You probably didn't start your business because of your enduring love for detailed bookkeeping. It's not that you don't care about the money; it's just that you'd much rather be designing bespoke websites or devising attractive financial plans for your clients than keeping track of all the numbers. Don't worry; you're far from the only small business owner who puts your accounting-related tasks off for as long as legally possible, and it isn't that important – unless you want to grow your business.

Proper accounting is not optional as your business grows and you add employees, clients, vendors, and equipment.

Take cash flow statements, for example. They may not seem essential or beneficial to your business, but accurate cash flow statements are crucial to keeping track of your business's operations. Keep reading to learn more about cash flow statements, why they're essential, and how to read them.

What is a Cash Flow Statement?

Cash flow statements are precisely what they sound like: financial statements that show the amount of cash and cash equivalents that come and go from a company's accounts over a certain period. They, along with income statements and balance sheets, provide an invaluable high-level view of the financial health and operations of all different kinds of businesses.  

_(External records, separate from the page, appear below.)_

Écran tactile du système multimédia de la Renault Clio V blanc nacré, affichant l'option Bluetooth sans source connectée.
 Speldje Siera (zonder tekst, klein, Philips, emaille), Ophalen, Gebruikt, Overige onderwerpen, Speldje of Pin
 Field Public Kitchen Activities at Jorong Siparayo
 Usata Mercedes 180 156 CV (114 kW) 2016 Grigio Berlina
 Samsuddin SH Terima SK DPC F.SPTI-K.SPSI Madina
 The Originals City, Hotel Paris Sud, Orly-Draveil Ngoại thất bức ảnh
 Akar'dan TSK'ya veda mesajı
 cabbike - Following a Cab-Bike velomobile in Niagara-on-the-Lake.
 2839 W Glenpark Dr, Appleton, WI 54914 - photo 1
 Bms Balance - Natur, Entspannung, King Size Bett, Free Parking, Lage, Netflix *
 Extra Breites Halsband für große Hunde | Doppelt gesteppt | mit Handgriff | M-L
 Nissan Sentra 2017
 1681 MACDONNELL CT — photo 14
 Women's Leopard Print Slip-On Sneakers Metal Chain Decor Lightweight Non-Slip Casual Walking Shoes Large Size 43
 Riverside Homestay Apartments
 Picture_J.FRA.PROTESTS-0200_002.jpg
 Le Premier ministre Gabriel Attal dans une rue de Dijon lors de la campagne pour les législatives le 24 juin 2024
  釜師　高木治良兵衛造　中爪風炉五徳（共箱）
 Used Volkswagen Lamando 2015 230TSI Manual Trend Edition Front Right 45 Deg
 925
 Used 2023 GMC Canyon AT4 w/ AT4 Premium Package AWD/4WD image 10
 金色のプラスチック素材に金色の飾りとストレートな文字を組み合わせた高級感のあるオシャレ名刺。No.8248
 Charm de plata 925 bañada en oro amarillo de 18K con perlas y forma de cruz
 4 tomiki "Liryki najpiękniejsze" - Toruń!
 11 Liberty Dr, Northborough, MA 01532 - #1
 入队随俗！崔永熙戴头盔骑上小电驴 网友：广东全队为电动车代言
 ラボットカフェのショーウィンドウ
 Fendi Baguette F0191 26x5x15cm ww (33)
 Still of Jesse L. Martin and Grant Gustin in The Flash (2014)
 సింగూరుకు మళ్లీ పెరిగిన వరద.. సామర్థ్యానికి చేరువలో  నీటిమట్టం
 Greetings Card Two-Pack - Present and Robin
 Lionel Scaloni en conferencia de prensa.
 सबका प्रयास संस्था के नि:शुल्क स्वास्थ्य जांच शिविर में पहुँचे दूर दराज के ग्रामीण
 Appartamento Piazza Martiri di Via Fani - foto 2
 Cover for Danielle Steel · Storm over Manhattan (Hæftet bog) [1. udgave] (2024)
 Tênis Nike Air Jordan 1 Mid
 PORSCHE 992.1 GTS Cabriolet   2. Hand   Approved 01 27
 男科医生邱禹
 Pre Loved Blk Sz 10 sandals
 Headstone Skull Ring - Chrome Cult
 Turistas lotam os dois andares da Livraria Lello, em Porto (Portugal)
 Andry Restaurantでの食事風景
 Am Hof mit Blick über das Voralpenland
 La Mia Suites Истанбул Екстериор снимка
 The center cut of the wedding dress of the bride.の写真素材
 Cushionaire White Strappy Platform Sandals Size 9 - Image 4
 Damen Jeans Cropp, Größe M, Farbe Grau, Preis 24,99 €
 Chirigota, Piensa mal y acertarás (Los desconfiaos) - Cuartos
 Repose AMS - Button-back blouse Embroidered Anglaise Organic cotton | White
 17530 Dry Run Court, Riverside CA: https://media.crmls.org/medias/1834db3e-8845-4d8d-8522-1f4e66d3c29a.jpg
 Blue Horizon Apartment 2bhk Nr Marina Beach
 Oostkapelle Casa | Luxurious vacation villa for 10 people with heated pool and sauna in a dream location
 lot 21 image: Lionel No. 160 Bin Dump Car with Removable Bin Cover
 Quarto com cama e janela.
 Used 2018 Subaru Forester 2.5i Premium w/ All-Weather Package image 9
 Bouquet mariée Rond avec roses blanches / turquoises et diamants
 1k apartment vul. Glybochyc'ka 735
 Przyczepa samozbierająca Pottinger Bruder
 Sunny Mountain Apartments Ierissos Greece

Companies produce quarterly and yearly cash flow statements to complement and fill in the profit and loss statement and balance sheet gaps. You can think of the 'big three' financial statements as three pieces of a puzzle. The balance sheet shows a snapshot of a company's financial situation for a given point in time, and the statement of profit and loss shows how much revenue and expenses a company incurs over a given period. The statement of cash flows provides a more granular view of how cash and cash equivalents flowed into and out of the company over the same period.

Okay, But Why Are Cash Flow Statements Important?

In short: cash flow statements are important because they help businesses measure how well they manage their cash. Cash flow statements give the stakeholders of a company the chance to see how much money it generates, where that cash comes from, and how much it's spending on debt and operating expenses. This is useful for a few reasons:

First: Clarity. Most small business owners have at least some idea of where their firm's cash comes from and where it goes. Still, only an exact cash flow statement will give you the precise numbers you need to identify potential risks and opportunities accurately. That clarity is worth the effort it takes to put together a cash flow statement.

Second: Potential lenders and investors. You can't just walk into a bank or a conference room and expect success unless you have detailed financial statements. Lenders won't even consider applying for loans or lines of credit unless you can show them exactly how well your business is performing, and the same goes for potential investors.

And finally: Planning. Making precise predictions and firm plans for the future is impossible if you don't know exactly how much your business is making and spending. You need strong numbers to project future earnings and expenses, and the best way to get those numbers is to put together cash flow and other financial statements.

So now that you know a bit about why cash flow statements are essential for businesses of all shapes and sizes, let's talk about how to read them.

How To Read Cash Flow Statements

Cash flow statements are made up of a few primary components related to the cash flows from various activities:

  1. Operating Activities
  2. Investing Activities
  3. Financing Activities

Cash Flows from Operating Activities

This section shows the amount of cash a company earns and spends from selling products and services minus the money it spent on business-related expenses in the same period.

The exact line items differ from company to company. You'll usually see a few similar entries across the board. A cash flow statement will typically show positive (incoming) cash flows from business activities like selling products or providing services, and negative (outgoing) cash flows from paying wages, buying supplies, paying rent, and other operating expenses.

Cash Flows from Investing Activities

This section measures the amount of cash spent on or raised from changes in a company's assets, investments, or equipment.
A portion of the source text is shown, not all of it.